En dialogue avec ce contexte historique, des oeuvres réalisées à partir d’éléments de mobilier urbain et de signalétiques interrogent les normes sociales qui induisent certaines formes de déplacement, déterminent les usages de l’espace public, souvent selon un prisme validiste, excluant des mobilités qui ne peuvent ou refusent de s’y conformer. En interaction avec cet ensemble d’oeuvres se dessine une nouvelle configuration physiologique, relationnelle voire « orthopédique » des corps en présence/absence dans l’espace d’exposition face aux mutations sociétales qui les régissent, à l’échelle des individus comme de l’imaginaire collectif.

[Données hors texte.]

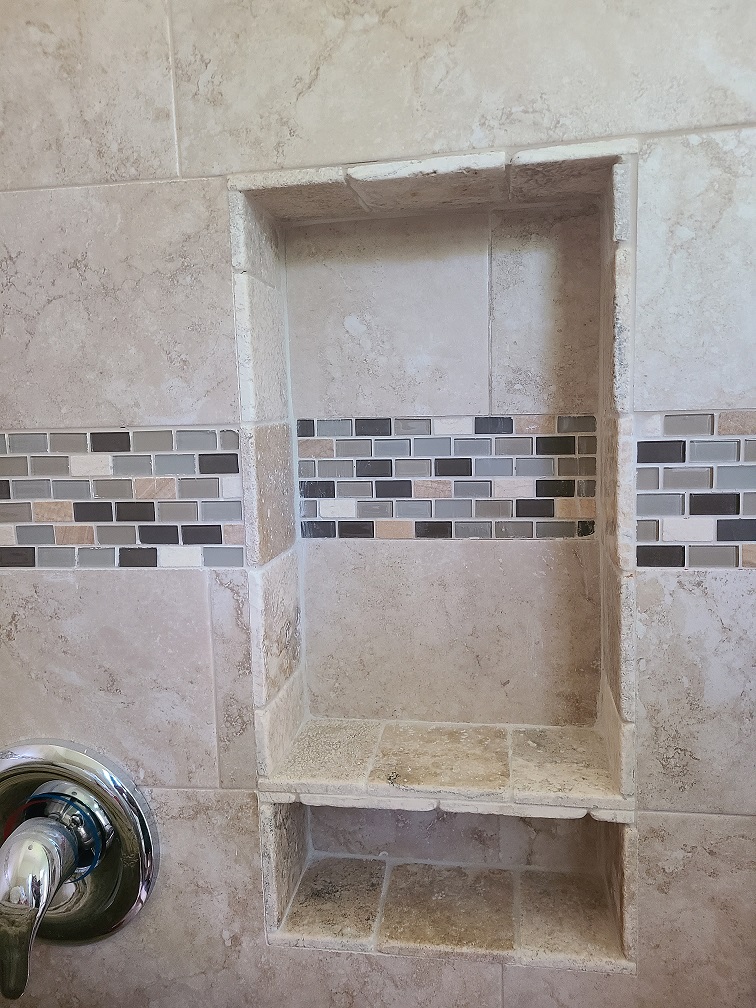 Shower tile repair during studio construction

¹ En novembre 2023, l’Aide Médicale d’État (que l’artiste traduit par Â.M.E.), dispositif mis en place en 2000 permettant aux personnes étrangères en situation irrégulière présent·es sur le territoire français depuis au moins 3 moins de bénéficier d’un accès aux soins sans contribution préalable, se voit remis en question dans le cadre du projet de loi relative à l’immigration. Dans un communiqué du 28 novembre 2023, l’Académie Nationale de Médecine rappelle que cette décision contrevient à un principe éthique fondateur de la médecine qui se doit de prendre en charge « tout patient, quelle que soit sa situation régulière ou non ».
Florian Fouché
Florian Fouché est né en 1983 à Lyon. Il vit et travaille à Paris et enseigne à l’École des Beaux-Arts de Lyon. Sa pratique de la sculpture engage à la fois des formes documentaires (enquêtes de terrain, photographie, vidéo, dessin) et performatives réalisées avec différents collaborateur·ices. Après plusieurs années d’enquête autour de la muséographie du Musée du Paysan roumain à Bucarest (Le Musée antidote, 2010-2014), Florian Fouché initie le cycle Manifeste assisté en 2015, qu’il développe sous la forme d’une série d’« actions proches », détournant ainsi le terme de « présences proches » élaboré par l’éducateur Fernand Deligny (1913-1993) pour désigner les adultes qui organisaient les « aires de séjour » du réseau expérimental de prise en charge d’enfants autistes dans les Cévennes. Il a notamment présenté son travail au Palais de Tokyo (Paris), au Palais des Beaux-Arts (Paris), au CAC Passerelle (Brest), au Carré d’art (Nîmes), au Musée Unterlinden (Colmar), au CIAP (Vassivière), au SKC (Belgrade), dans l’atelier d’Eustache Kossakowski chez Anka Ptaszkowska (Paris), au 10-rue-Saint-Luc- atelier des éditions L’Arachnéen (Paris), au Centre Pompidou (Metz), à Bétonsalon (Paris), au MoMA Virtual Cinema (New York), au CAPC (Bordeaux), au Muzeum Sztuki Nowoczesnej w Warszawie (Varsovie), au CRAC Occitanie (Sète). Il est représenté par la galerie Parliament à Paris.
Cette exposition reçoit le soutien de l’ADAGP – société française des auteurs des arts visuels, dans le cadre de la bourse de recherche ADAGP / Bétonsalon dont la Bibliothèque Kandinsky, Centre Pompidou est partenaire.